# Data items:
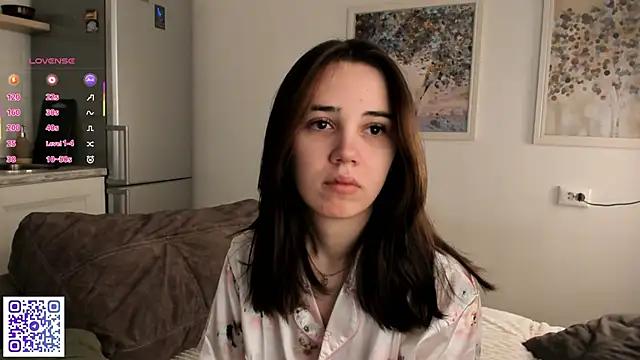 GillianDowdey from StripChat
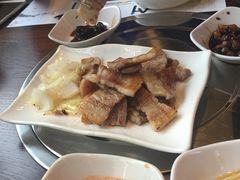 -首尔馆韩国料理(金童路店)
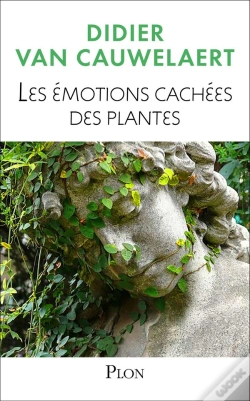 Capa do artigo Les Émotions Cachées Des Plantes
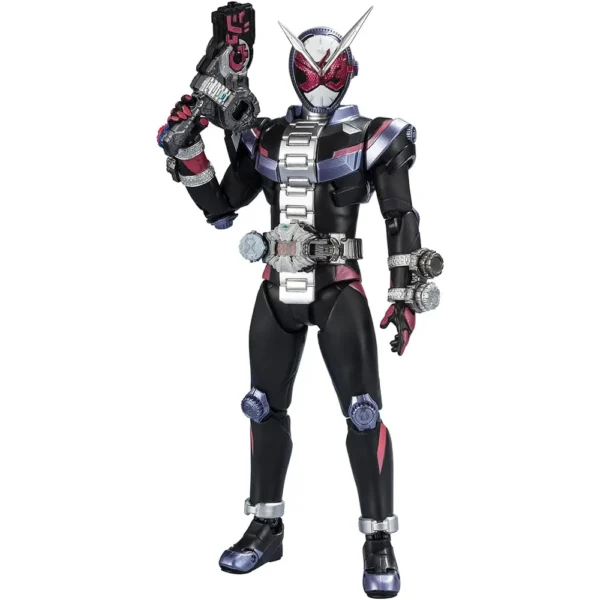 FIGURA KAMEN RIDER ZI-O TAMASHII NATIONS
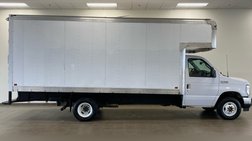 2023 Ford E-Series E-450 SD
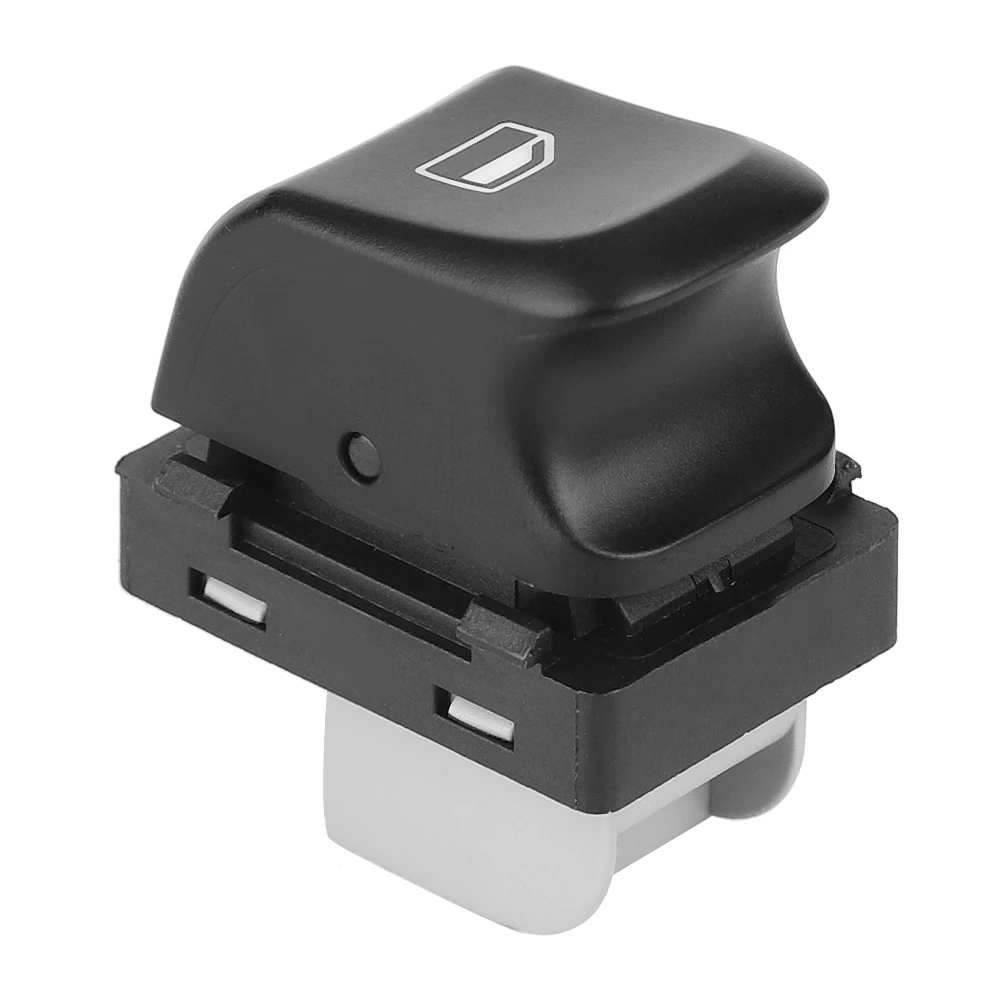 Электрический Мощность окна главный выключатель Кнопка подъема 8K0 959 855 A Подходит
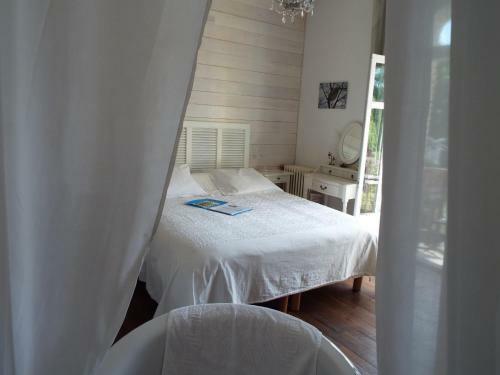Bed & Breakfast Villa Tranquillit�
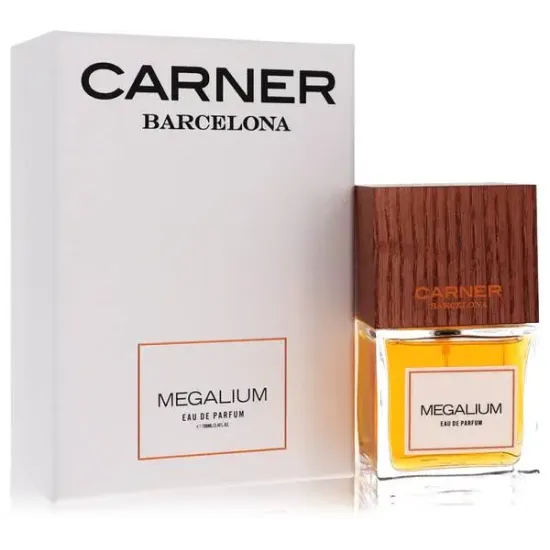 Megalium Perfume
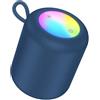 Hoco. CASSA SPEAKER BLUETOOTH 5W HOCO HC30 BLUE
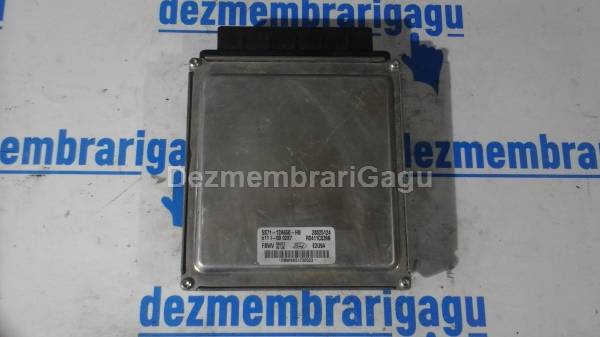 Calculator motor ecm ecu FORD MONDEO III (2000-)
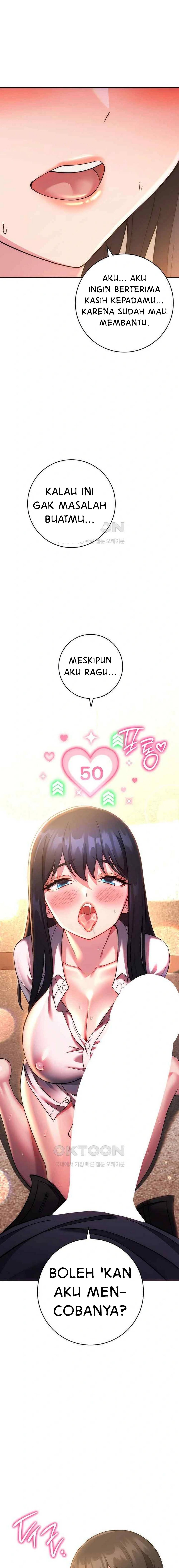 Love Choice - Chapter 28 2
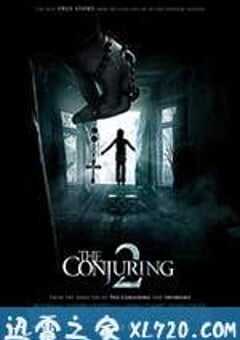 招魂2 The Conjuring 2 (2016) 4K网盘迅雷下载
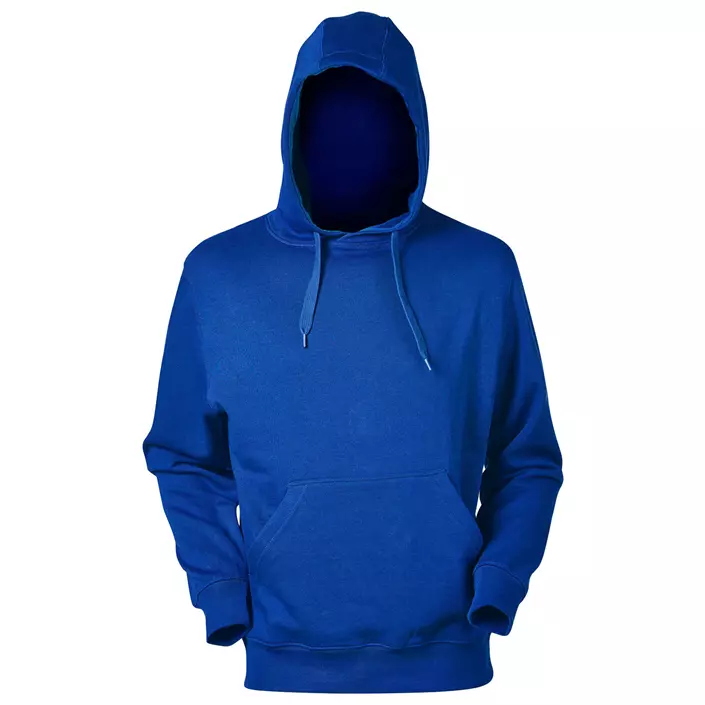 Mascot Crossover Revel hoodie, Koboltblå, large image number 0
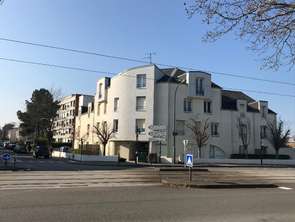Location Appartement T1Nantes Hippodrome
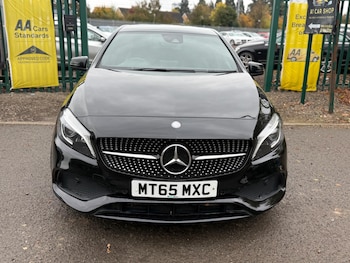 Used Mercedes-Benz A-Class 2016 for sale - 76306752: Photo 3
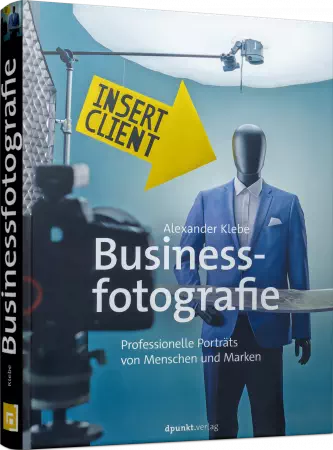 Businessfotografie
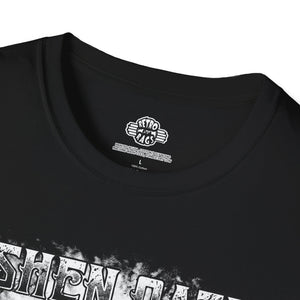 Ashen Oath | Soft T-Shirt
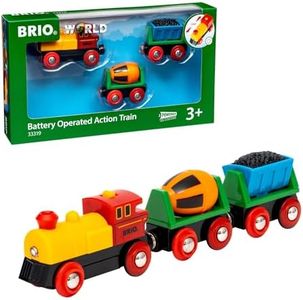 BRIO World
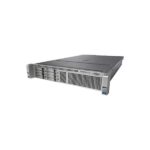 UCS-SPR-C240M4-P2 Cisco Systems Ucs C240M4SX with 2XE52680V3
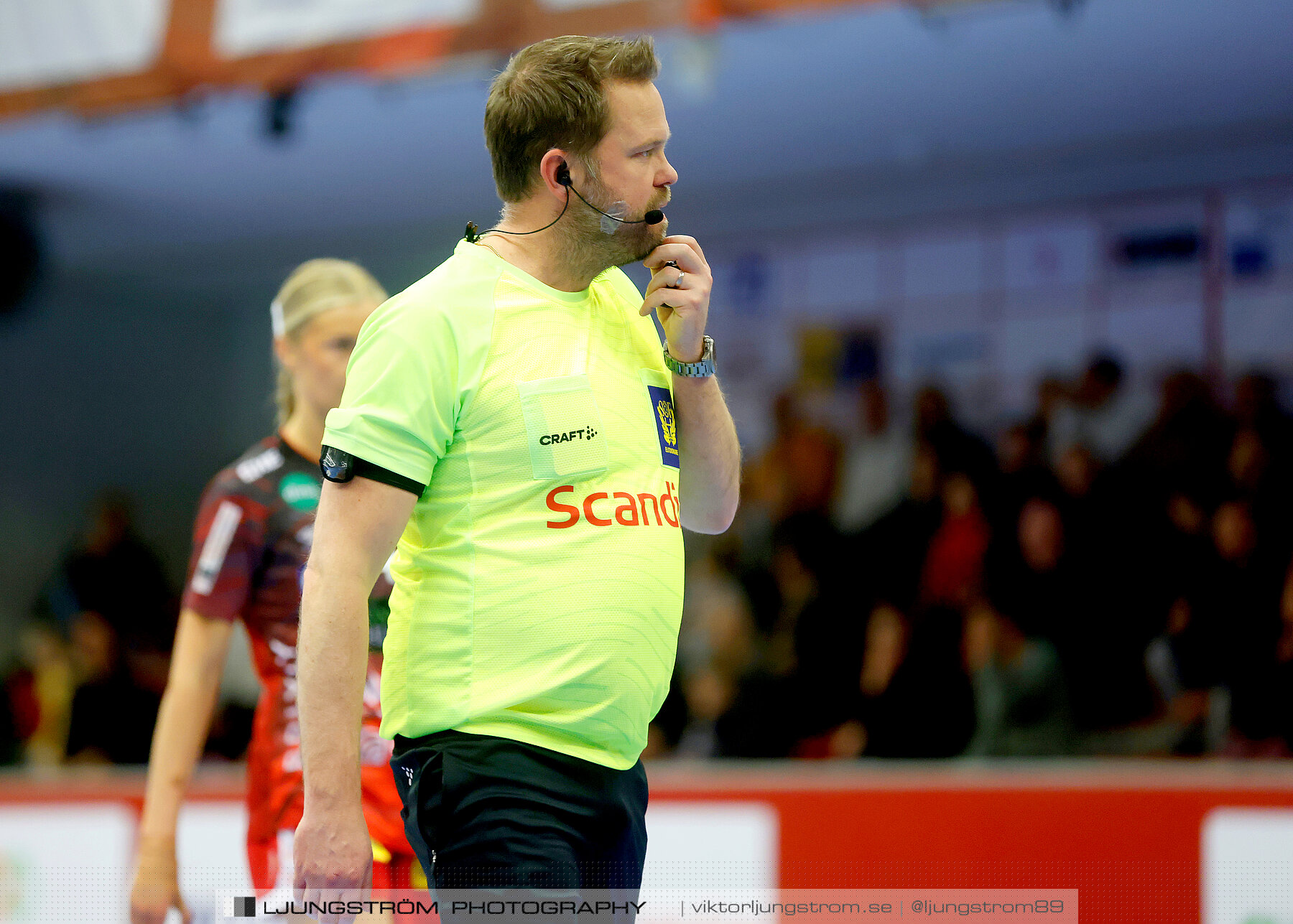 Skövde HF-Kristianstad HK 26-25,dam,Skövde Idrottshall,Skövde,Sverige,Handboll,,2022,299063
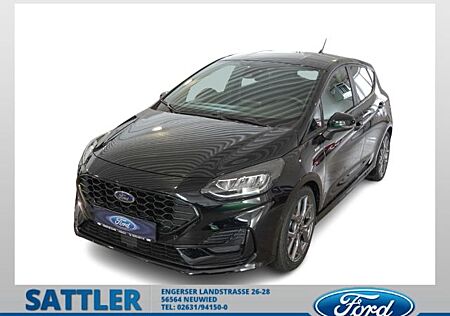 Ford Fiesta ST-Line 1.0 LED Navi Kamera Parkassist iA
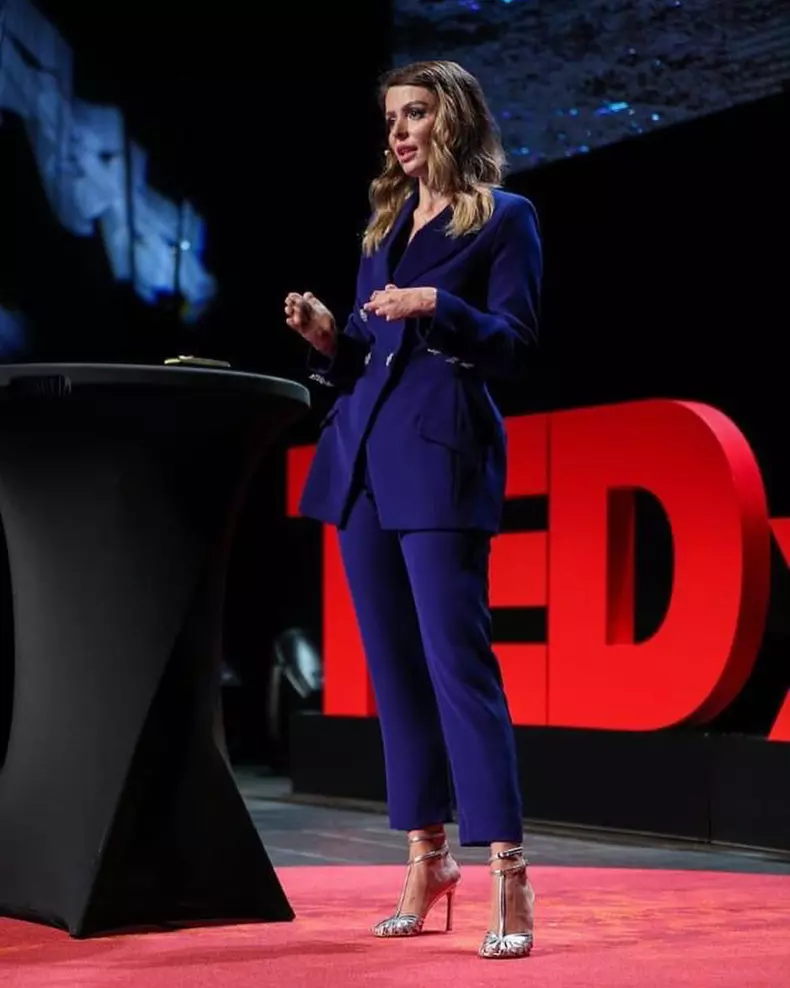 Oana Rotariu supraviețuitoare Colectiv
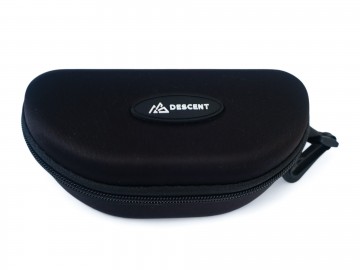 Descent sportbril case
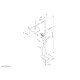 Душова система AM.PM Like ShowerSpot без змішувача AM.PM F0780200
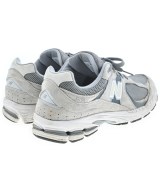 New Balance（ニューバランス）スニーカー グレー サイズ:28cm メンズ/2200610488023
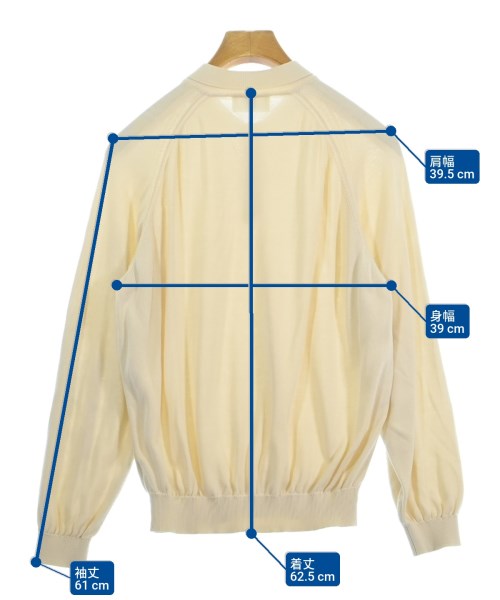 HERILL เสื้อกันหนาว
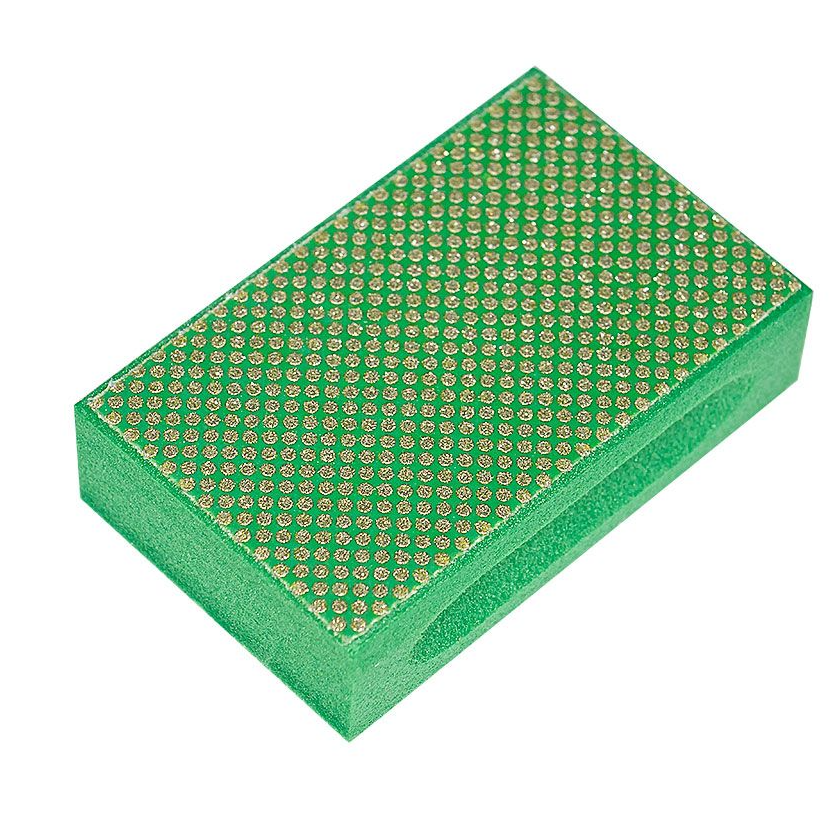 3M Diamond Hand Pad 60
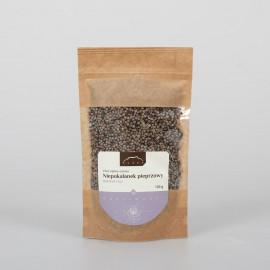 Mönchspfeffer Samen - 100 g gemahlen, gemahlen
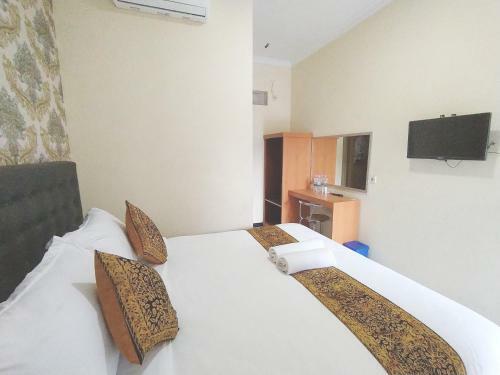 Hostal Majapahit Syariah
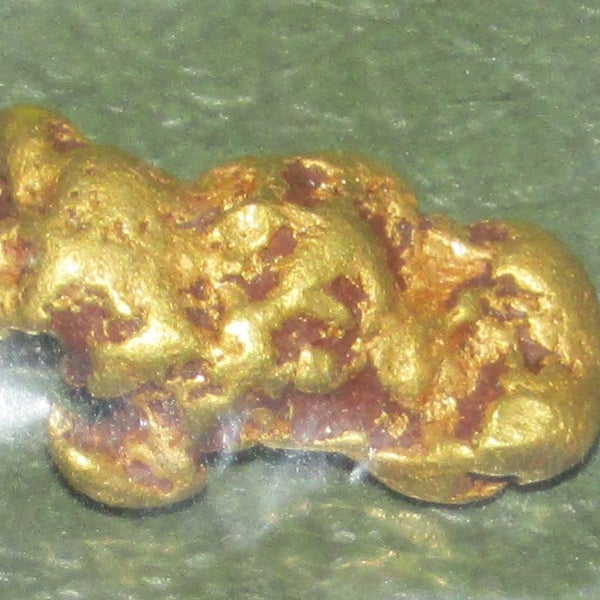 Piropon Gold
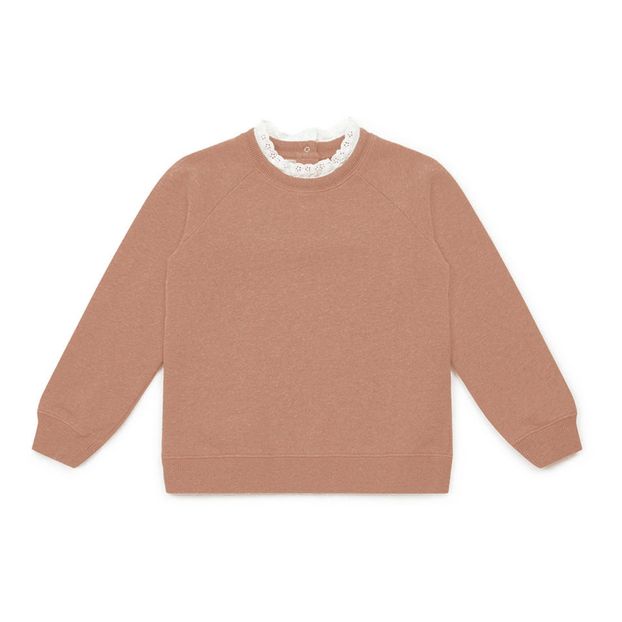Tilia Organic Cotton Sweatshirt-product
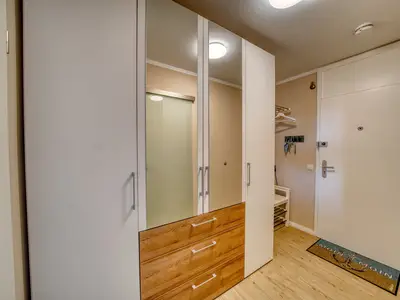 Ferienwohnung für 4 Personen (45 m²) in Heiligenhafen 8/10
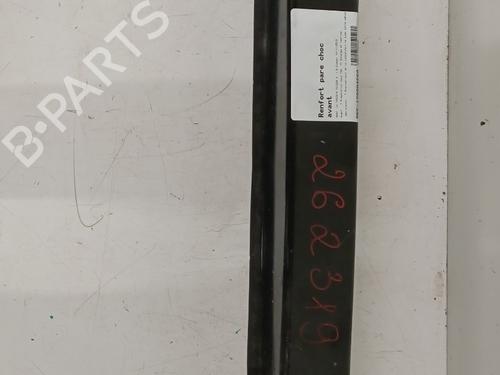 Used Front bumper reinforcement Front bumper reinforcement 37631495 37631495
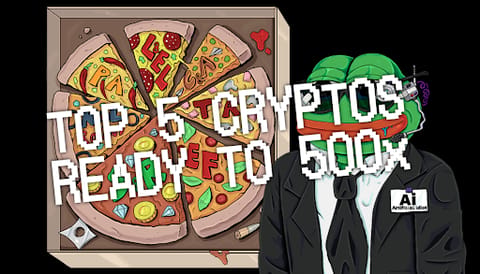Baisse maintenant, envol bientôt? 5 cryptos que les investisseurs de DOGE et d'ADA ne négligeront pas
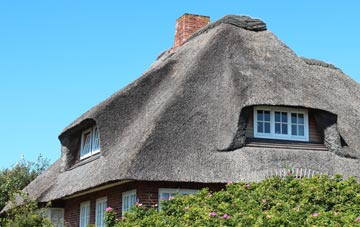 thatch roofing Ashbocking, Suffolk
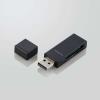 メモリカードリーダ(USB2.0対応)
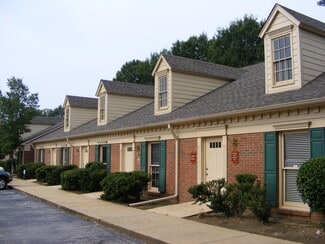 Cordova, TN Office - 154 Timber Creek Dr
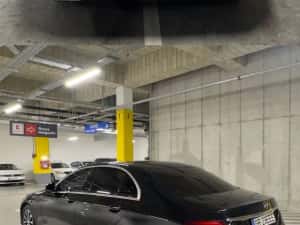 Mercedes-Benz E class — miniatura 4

# What you should do:
Quote the records above exactly, from the first line through the line containing "Skövde HF-Kristianstad HK", and leave out the pictures.

# Your solution:
 GillianDowdey from StripChat
 -首尔馆韩国料理(金童路店)
 Capa do artigo Les Émotions Cachées Des Plantes
 FIGURA KAMEN RIDER ZI-O TAMASHII NATIONS
 2023 Ford E-Series E-450 SD
 Электрический Мощность окна главный выключатель Кнопка подъема 8K0 959 855 A Подходит
Bed & Breakfast Villa Tranquillit�
 Megalium Perfume
 Hoco. CASSA SPEAKER BLUETOOTH 5W HOCO HC30 BLUE
 Calculator motor ecm ecu FORD MONDEO III (2000-)
 Love Choice - Chapter 28 2
 招魂2 The Conjuring 2 (2016) 4K网盘迅雷下载
 Mascot Crossover Revel hoodie, Koboltblå, large image number 0
Location Appartement T1Nantes Hippodrome
 Used Mercedes-Benz A-Class 2016 for sale - 76306752: Photo 3
 Businessfotografie
 Ashen Oath | Soft T-Shirt
 BRIO World
 UCS-SPR-C240M4-P2 Cisco Systems Ucs C240M4SX with 2XE52680V3
 Skövde HF-Kristianstad HK 26-25,dam,Skövde Idrottshall,Skövde,Sverige,Handboll,,2022,299063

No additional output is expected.